(Beginning of Extracted material)

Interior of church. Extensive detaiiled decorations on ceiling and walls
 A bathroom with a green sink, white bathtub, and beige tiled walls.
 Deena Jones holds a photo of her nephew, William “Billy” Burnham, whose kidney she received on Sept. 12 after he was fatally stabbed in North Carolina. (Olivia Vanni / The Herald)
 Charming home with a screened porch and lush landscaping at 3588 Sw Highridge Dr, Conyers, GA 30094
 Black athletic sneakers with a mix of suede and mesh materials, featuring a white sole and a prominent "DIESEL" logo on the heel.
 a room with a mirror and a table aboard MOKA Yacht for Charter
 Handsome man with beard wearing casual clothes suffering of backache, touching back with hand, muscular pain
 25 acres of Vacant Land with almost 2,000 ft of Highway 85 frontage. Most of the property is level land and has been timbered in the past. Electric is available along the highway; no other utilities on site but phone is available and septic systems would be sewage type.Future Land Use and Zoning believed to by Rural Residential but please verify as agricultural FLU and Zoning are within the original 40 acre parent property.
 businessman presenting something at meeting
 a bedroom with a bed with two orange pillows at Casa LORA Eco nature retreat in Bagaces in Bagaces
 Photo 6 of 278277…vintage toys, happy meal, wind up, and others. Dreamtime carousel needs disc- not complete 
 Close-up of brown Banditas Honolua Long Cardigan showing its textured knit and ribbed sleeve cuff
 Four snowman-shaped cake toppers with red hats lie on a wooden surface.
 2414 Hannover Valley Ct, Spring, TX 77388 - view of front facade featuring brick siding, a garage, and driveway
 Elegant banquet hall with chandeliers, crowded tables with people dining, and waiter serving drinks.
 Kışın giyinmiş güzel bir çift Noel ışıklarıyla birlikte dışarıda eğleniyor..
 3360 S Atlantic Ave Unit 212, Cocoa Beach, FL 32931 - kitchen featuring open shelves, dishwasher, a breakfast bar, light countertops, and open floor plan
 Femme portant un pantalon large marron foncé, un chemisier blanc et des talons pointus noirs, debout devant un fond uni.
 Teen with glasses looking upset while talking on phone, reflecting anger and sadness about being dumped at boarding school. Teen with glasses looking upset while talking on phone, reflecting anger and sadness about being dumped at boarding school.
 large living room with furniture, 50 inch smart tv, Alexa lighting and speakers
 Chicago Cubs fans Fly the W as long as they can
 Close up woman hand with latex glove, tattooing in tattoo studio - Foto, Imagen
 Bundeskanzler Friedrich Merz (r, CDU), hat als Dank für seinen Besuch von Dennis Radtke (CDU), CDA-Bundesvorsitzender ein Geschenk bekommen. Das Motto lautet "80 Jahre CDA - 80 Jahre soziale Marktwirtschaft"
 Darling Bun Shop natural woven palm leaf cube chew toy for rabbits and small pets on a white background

(End of Extracted material)

Problem to work on: Exactly as written, output the material once more.

Reply:
Interior of church. Extensive detaiiled decorations on ceiling and walls
 A bathroom with a green sink, white bathtub, and beige tiled walls.
 Deena Jones holds a photo of her nephew, William “Billy” Burnham, whose kidney she received on Sept. 12 after he was fatally stabbed in North Carolina. (Olivia Vanni / The Herald)
 Charming home with a screened porch and lush landscaping at 3588 Sw Highridge Dr, Conyers, GA 30094
 Black athletic sneakers with a mix of suede and mesh materials, featuring a white sole and a prominent "DIESEL" logo on the heel.
 a room with a mirror and a table aboard MOKA Yacht for Charter
 Handsome man with beard wearing casual clothes suffering of backache, touching back with hand, muscular pain
 25 acres of Vacant Land with almost 2,000 ft of Highway 85 frontage. Most of the property is level land and has been timbered in the past. Electric is available along the highway; no other utilities on site but phone is available and septic systems would be sewage type.Future Land Use and Zoning believed to by Rural Residential but please verify as agricultural FLU and Zoning are within the original 40 acre parent property.
 businessman presenting something at meeting
 a bedroom with a bed with two orange pillows at Casa LORA Eco nature retreat in Bagaces in Bagaces
 Photo 6 of 278277…vintage toys, happy meal, wind up, and others. Dreamtime carousel needs disc- not complete 
 Close-up of brown Banditas Honolua Long Cardigan showing its textured knit and ribbed sleeve cuff
 Four snowman-shaped cake toppers with red hats lie on a wooden surface.
 2414 Hannover Valley Ct, Spring, TX 77388 - view of front facade featuring brick siding, a garage, and driveway
 Elegant banquet hall with chandeliers, crowded tables with people dining, and waiter serving drinks.
 Kışın giyinmiş güzel bir çift Noel ışıklarıyla birlikte dışarıda eğleniyor..
 3360 S Atlantic Ave Unit 212, Cocoa Beach, FL 32931 - kitchen featuring open shelves, dishwasher, a breakfast bar, light countertops, and open floor plan
 Femme portant un pantalon large marron foncé, un chemisier blanc et des talons pointus noirs, debout devant un fond uni.
 Teen with glasses looking upset while talking on phone, reflecting anger and sadness about being dumped at boarding school. Teen with glasses looking upset while talking on phone, reflecting anger and sadness about being dumped at boarding school.
 large living room with furniture, 50 inch smart tv, Alexa lighting and speakers
 Chicago Cubs fans Fly the W as long as they can
 Close up woman hand with latex glove, tattooing in tattoo studio - Foto, Imagen
 Bundeskanzler Friedrich Merz (r, CDU), hat als Dank für seinen Besuch von Dennis Radtke (CDU), CDA-Bundesvorsitzender ein Geschenk bekommen. Das Motto lautet "80 Jahre CDA - 80 Jahre soziale Marktwirtschaft"
 Darling Bun Shop natural woven palm leaf cube chew toy for rabbits and small pets on a white background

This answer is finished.